In step S333, obtaining a set second template, wherein the second template comprises second guidance information for guiding the second language model to generate the action sequence and a second slot to be filled. The second template may be, for example, “How to implement _?”, wherein the underscore indicates the second slot for filling the image processing requirement and the other characters are the second guidance information.
In step S334, filling the image processing requirement into the second slot to obtain the second input data for inputting into the second language model.
In step S335, inputting the second input data into the second language model to obtain the action sequence output by the second language model.
According to the above embodiments, the large language model is used to automatically plan the action sequence, which has high accuracy and flexibility.

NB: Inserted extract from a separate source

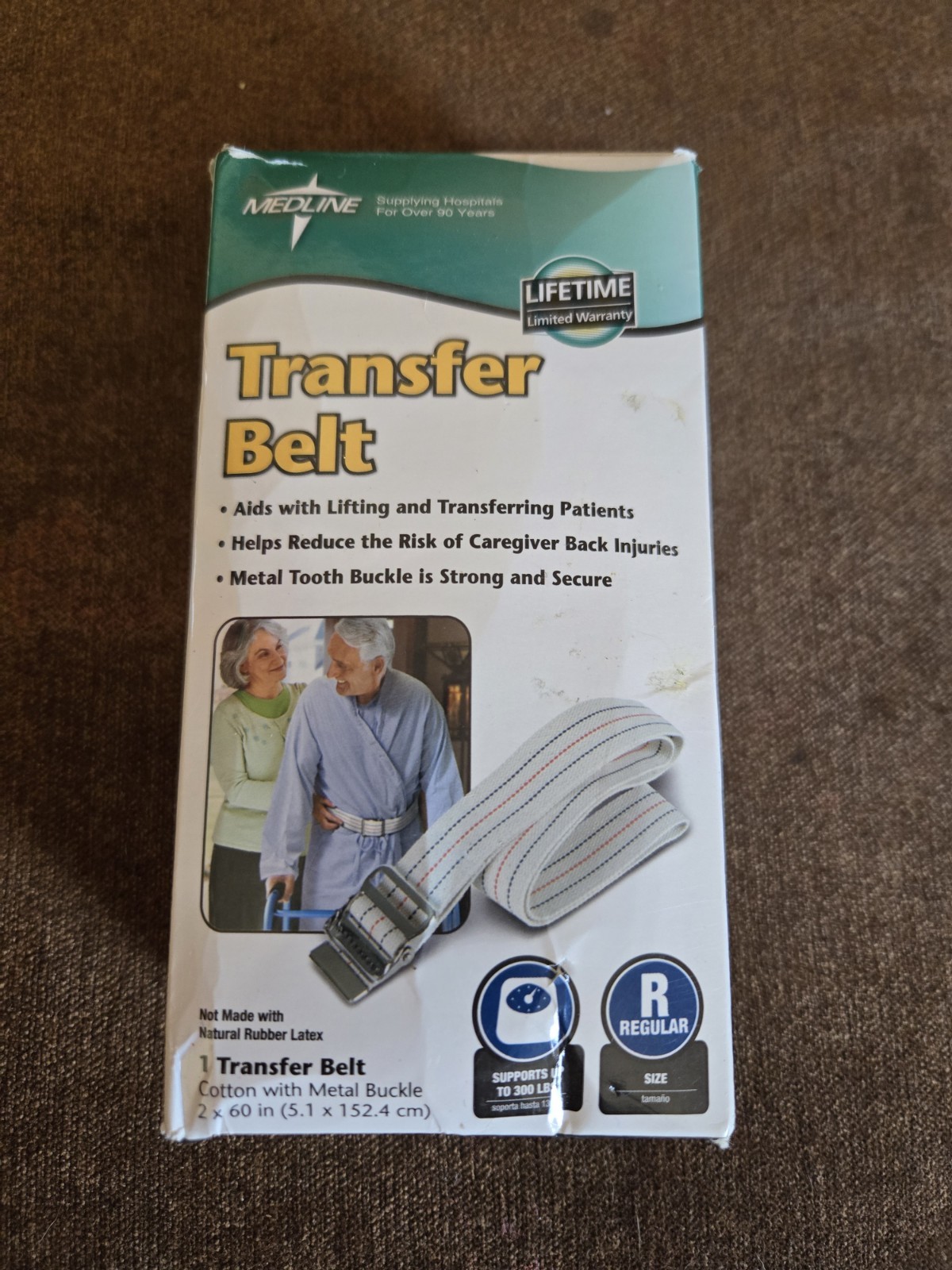 Gait Transfer Belt Support for Caregiver Home Health Aid Seniors (White)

According to some embodiments, the corresponding relationship between a plurality of image processing requirements and a plurality of action sequences may be set. Accordingly, in step S330, the action sequence for implementing the image processing requirement may be determined based on the set corresponding relationship between the plurality of image processing requirements and the plurality of action sequences. Thereby, the action sequence can be obtained quickly without additional computation.
The corresponding relationship may be preset, dynamically set, experimentally set, or set in other approaches, which are all included in the scope of the disclosure.
It should be noted that in the set corresponding relationship described above, one image processing requirement may correspond to a plurality of action sequences. Accordingly, in step S330, any one of the plurality of action sequences corresponding to the image processing requirement may be selected and executed in step S340.
The action sequence comprises at least one image processing action. Table 2 illustrates some examples of the image processing action.
According to some embodiments, step S340 may comprise: extracting target data for implementing the image processing requirement from the current dialogue data; for any image processing action in the action sequence: determining input parameters of the image processing action based on the target data; and executing the image processing action based on the input parameters to obtain the result image of the image processing action. The input parameters of each image processing action may refer to, for example, the Table 2 above.
According to the above embodiments, the key target data is extracted from the current dialogue data, and the image processing action is executed using the target data, by which irrelevant information can be filtered out and the efficiency and accuracy of image processing are improved.
According to some embodiments, the target data may be extracted by the first language model. That is, in step S320, the image processing requirement output by the first language model and the target data for implementing the image processing requirement may be obtained by inputting the first input data into the first language model.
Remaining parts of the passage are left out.